Histopathologic study of the right eye showed partial loss of the nerve fiber and ganglion cell layers in the macular area, temporal peripapillary and macular loss of the photoreceptors with hypertrophy and hyperplasia of the retinal pigment epithelium, an epiretinal membrane, and three defects in Bruch's membrane. Inferiorly, there was a 5-mm defect in choroid, Bruch's membrane, and retina. These structures were replaced by a loose and dense fibrous connective tissue. The sclera and a long posterior ciliary nerve remained intact. A thin fibrovascular tissue from the choroid extended into the subretinal space where it was covered by retinal pigment epithelium and thickened basement membrane in the posterior aspect of the inferior lesion. Marked hemiatrophy of the optic nerve was present.
The clinicopathologic features of chorioretinitis sclopetaria include direct traumatic chorioretinal rupture followed by marked fibrovascular proliferation with variable replacement of choroid and retina with no retinal detachment. Posteriorly, indirect macular choroidal ruptures with hyperplasia and migration of the retinal pigment epithelium into the retina and choroid, epiretinal membrane formation, loss of photoreceptors, and marked hemiatrophy of the optic nerve were present.
报告一名因眼眶枪伤导致创伤性脉络膜视网膜破裂(即猎枪性脉络膜视网膜炎)患者眼部的临床病理特征,并进行超过20年的临床随访。

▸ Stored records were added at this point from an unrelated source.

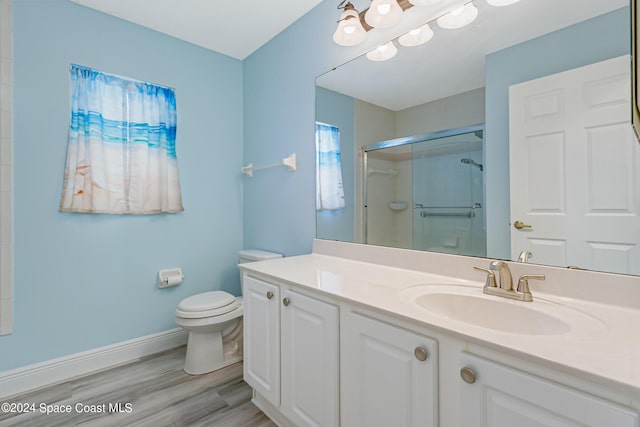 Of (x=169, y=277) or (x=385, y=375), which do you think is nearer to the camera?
(x=385, y=375)

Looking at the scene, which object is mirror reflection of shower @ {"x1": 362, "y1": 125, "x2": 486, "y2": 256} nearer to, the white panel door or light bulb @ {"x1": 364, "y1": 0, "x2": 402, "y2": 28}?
the white panel door

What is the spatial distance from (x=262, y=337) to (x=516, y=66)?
1620 mm

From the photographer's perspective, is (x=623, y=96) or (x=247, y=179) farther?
(x=247, y=179)

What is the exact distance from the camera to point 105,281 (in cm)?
206

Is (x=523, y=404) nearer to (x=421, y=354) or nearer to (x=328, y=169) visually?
(x=421, y=354)

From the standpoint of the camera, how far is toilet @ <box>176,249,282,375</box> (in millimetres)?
1886

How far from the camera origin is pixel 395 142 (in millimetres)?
1569

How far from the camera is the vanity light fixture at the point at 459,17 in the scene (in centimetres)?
127

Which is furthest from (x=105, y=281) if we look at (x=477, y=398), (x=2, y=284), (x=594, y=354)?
(x=594, y=354)

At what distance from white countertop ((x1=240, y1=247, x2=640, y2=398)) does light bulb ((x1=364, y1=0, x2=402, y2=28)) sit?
1.23 metres

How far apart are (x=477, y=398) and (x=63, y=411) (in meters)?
2.06

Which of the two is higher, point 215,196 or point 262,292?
point 215,196

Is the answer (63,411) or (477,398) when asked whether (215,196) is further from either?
(477,398)

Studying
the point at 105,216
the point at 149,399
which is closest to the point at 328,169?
the point at 105,216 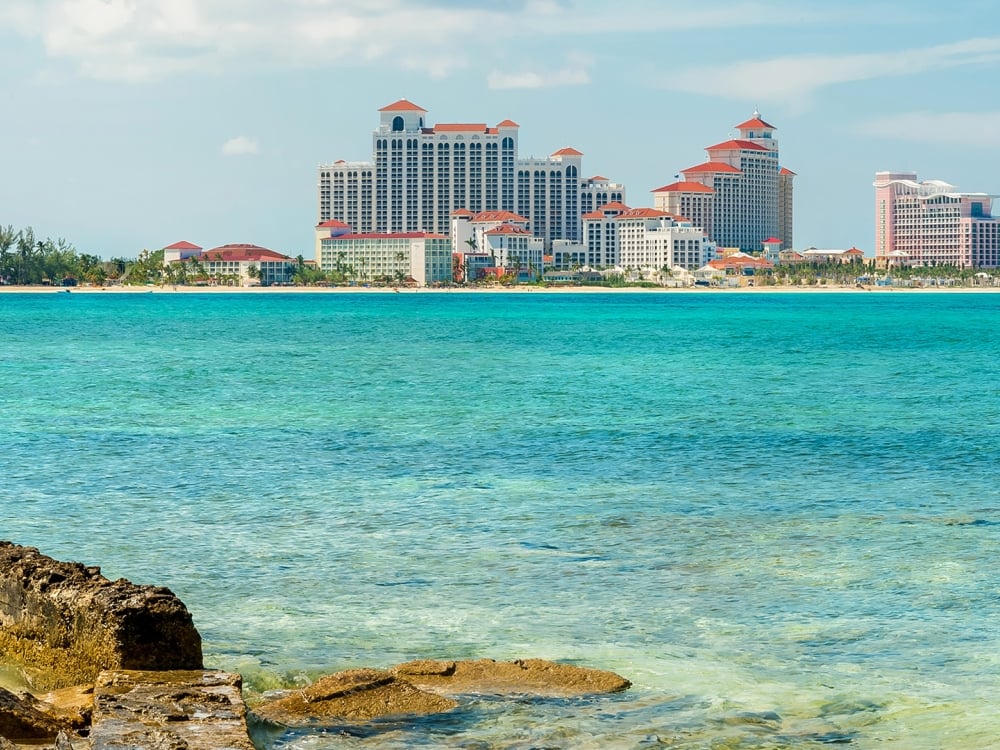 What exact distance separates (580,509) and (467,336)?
186ft

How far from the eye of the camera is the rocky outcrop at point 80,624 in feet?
26.6

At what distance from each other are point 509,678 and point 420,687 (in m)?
0.57

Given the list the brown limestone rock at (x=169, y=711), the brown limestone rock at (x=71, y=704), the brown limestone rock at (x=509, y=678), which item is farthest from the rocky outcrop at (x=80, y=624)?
the brown limestone rock at (x=509, y=678)

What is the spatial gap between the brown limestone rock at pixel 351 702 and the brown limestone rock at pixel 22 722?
1.31 meters

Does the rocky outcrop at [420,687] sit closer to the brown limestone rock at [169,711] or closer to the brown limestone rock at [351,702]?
the brown limestone rock at [351,702]

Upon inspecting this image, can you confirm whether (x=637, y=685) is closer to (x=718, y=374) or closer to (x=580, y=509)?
(x=580, y=509)

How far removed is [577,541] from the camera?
1350cm

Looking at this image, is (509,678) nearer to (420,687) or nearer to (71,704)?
(420,687)

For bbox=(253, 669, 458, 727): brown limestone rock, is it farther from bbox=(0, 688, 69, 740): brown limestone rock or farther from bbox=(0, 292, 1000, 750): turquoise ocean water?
bbox=(0, 688, 69, 740): brown limestone rock

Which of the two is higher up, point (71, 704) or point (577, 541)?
point (71, 704)

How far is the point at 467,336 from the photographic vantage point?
71.9 metres

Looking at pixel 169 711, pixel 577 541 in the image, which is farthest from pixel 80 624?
pixel 577 541

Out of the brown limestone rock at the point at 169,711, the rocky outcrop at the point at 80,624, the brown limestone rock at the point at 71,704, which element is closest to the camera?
the brown limestone rock at the point at 169,711

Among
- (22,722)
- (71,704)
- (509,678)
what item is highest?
(22,722) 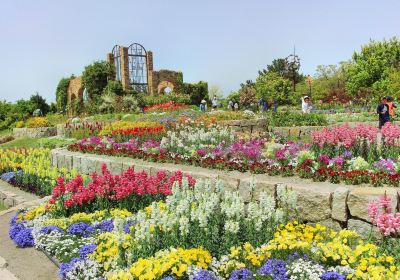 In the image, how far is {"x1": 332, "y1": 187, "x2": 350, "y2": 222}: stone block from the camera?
5.05 m

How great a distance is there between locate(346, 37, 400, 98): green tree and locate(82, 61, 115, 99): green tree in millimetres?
18972

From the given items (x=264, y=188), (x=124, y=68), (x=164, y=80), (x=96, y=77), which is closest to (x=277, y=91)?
(x=164, y=80)

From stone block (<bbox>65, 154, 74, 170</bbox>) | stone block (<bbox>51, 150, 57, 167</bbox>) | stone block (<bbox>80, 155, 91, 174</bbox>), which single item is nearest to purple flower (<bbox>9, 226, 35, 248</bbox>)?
stone block (<bbox>80, 155, 91, 174</bbox>)

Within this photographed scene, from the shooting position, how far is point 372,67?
115 ft

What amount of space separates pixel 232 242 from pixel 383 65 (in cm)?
3518

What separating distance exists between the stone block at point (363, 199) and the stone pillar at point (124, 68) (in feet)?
99.0

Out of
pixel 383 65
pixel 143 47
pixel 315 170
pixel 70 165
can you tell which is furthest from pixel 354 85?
pixel 315 170

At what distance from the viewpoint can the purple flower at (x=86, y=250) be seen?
15.9ft

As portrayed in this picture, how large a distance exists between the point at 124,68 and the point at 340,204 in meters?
30.3

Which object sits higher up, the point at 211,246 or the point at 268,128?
the point at 268,128

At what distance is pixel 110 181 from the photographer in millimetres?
6516

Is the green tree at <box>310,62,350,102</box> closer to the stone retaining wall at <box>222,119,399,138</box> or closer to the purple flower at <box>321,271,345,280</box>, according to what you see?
the stone retaining wall at <box>222,119,399,138</box>

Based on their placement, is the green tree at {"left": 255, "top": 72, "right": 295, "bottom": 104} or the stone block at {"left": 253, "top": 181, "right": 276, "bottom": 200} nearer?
the stone block at {"left": 253, "top": 181, "right": 276, "bottom": 200}

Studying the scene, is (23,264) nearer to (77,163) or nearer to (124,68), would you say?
(77,163) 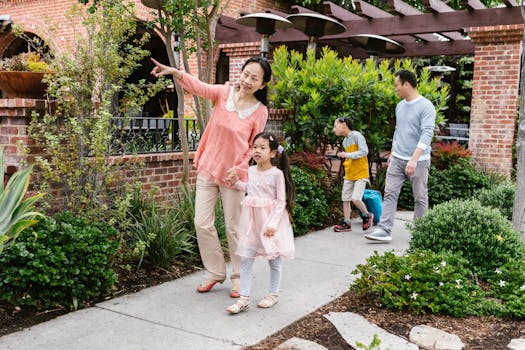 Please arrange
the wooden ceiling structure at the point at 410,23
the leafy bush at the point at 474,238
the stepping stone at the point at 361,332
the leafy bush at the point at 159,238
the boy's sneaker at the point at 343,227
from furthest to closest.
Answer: the wooden ceiling structure at the point at 410,23 → the boy's sneaker at the point at 343,227 → the leafy bush at the point at 159,238 → the leafy bush at the point at 474,238 → the stepping stone at the point at 361,332

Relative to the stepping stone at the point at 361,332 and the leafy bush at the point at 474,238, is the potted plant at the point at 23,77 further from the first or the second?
the leafy bush at the point at 474,238

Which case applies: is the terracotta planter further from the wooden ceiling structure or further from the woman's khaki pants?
the wooden ceiling structure

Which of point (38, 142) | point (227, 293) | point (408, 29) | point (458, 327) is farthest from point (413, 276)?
point (408, 29)

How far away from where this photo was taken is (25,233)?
378 cm

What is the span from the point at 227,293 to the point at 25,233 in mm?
1569

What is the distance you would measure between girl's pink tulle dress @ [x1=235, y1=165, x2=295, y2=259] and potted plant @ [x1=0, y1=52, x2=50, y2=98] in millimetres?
1861

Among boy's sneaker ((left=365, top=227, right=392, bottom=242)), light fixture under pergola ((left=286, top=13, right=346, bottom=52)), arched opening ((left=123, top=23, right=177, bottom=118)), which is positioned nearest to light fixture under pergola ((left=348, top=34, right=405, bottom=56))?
light fixture under pergola ((left=286, top=13, right=346, bottom=52))

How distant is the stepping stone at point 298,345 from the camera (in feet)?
10.8

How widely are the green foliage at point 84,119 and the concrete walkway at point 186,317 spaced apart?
917mm

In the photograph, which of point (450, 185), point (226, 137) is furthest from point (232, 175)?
point (450, 185)

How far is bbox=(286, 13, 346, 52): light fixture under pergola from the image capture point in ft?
28.6

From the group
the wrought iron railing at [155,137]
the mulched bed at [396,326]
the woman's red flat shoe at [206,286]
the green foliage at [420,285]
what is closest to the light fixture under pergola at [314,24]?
the wrought iron railing at [155,137]

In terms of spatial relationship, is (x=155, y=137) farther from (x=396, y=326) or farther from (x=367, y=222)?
(x=396, y=326)

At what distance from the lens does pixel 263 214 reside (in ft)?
13.0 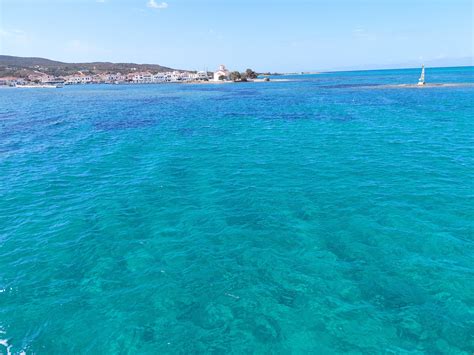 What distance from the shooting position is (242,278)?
485 inches

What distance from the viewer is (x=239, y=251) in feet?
46.5

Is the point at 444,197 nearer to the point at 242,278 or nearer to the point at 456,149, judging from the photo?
the point at 456,149

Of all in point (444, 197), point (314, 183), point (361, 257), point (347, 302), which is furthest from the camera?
point (314, 183)

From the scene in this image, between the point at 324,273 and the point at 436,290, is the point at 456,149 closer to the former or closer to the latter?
the point at 436,290

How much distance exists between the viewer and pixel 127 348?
369 inches

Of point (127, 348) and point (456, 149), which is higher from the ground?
point (456, 149)

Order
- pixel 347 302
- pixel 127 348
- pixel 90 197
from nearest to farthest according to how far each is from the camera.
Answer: pixel 127 348, pixel 347 302, pixel 90 197

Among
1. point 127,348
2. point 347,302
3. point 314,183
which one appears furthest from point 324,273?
point 314,183

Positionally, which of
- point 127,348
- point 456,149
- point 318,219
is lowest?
point 127,348

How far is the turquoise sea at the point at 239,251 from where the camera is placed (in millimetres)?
9789

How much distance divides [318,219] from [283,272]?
5352 mm

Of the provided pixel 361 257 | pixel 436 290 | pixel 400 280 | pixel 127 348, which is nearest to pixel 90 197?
pixel 127 348

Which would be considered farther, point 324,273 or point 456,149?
point 456,149

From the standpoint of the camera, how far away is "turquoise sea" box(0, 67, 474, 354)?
9789 mm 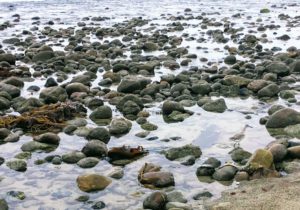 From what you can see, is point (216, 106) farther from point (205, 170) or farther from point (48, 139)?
point (48, 139)

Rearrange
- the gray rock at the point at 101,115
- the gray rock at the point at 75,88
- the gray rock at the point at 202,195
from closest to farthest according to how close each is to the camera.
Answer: the gray rock at the point at 202,195 → the gray rock at the point at 101,115 → the gray rock at the point at 75,88

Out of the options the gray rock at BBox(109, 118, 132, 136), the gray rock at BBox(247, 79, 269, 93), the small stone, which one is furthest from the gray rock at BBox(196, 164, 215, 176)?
the gray rock at BBox(247, 79, 269, 93)

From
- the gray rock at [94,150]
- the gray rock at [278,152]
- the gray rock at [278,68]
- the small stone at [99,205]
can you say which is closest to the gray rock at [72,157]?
the gray rock at [94,150]

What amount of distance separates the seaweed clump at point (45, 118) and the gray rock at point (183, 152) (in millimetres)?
2628

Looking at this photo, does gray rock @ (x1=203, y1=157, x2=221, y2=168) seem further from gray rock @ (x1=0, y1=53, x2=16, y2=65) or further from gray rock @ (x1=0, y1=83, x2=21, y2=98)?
gray rock @ (x1=0, y1=53, x2=16, y2=65)

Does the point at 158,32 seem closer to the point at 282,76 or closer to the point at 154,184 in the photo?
the point at 282,76

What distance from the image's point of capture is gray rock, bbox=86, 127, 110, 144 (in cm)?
847

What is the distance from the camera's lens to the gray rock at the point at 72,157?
7.55m

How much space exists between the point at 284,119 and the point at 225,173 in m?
2.60

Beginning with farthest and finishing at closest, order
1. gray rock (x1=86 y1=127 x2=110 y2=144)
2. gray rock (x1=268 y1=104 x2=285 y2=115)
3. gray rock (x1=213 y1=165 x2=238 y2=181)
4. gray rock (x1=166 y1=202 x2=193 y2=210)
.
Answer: gray rock (x1=268 y1=104 x2=285 y2=115) → gray rock (x1=86 y1=127 x2=110 y2=144) → gray rock (x1=213 y1=165 x2=238 y2=181) → gray rock (x1=166 y1=202 x2=193 y2=210)

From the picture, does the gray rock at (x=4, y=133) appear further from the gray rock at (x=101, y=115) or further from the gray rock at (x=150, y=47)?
the gray rock at (x=150, y=47)

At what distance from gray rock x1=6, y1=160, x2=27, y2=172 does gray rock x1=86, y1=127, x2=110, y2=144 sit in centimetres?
146

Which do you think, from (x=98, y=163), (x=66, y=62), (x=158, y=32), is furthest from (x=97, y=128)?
(x=158, y=32)

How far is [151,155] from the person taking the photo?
7766 mm
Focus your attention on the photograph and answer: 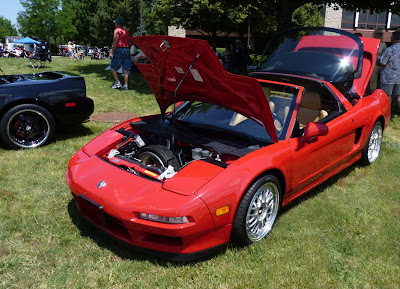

对该患者在受伤后进行了眼底镜检查和荧光素血管造影,并在此后进行了间歇性检查。患者死后获取眼球;对右眼中央部分,包括黄斑和视神经乳头,以及下方的脉络膜进行了光镜检查。
右眼的组织病理学研究显示,黄斑区神经纤维层和神经节细胞层部分缺失,颞侧视乳头周围和黄斑区光感受器缺失,视网膜色素上皮肥大和增生,形成视网膜前膜,以及布鲁赫膜有三处缺损。下方,脉络膜、布鲁赫膜和视网膜有一个5毫米的缺损。这些结构被疏松和致密的纤维结缔组织所取代。巩膜和一条长睫状后神经保持完整。脉络膜的一层薄纤维血管组织延伸至视网膜下间隙,在下方病变后部被视网膜色素上皮和增厚的基底膜覆盖。视神经存在明显的半侧萎缩。
猎枪性脉络膜视网膜炎的临床病理特征包括直接创伤性脉络膜视网膜破裂,随后是明显的纤维血管增生,脉络膜和视网膜被不同程度替代,无视网膜脱离。后部存在间接性黄斑脉络膜破裂,视网膜色素上皮增生并迁移至视网膜和脉络膜,形成视网膜前膜,光感受器缺失,以及视神经明显的半侧萎缩。